### AVAILABLE DATA
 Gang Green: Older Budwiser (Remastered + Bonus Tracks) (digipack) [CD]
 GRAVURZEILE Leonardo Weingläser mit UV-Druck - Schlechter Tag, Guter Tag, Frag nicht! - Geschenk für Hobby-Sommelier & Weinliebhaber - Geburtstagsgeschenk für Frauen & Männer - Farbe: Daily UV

---

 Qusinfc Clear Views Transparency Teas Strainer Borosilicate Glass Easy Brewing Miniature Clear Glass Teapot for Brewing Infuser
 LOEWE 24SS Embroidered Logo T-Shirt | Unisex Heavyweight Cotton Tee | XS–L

...

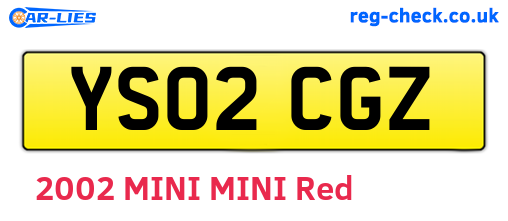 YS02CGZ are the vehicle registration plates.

### EXERCISE DETAILS
In the listing above, find the line with "Qusinfc Clear Views" and the line with "LOEWE 24SS Embroidered". Output those two lines and every line between them, exactly as written.

### PROBLEM SOLUTION
 Qusinfc Clear Views Transparency Teas Strainer Borosilicate Glass Easy Brewing Miniature Clear Glass Teapot for Brewing Infuser
 LOEWE 24SS Embroidered Logo T-Shirt | Unisex Heavyweight Cotton Tee | XS–L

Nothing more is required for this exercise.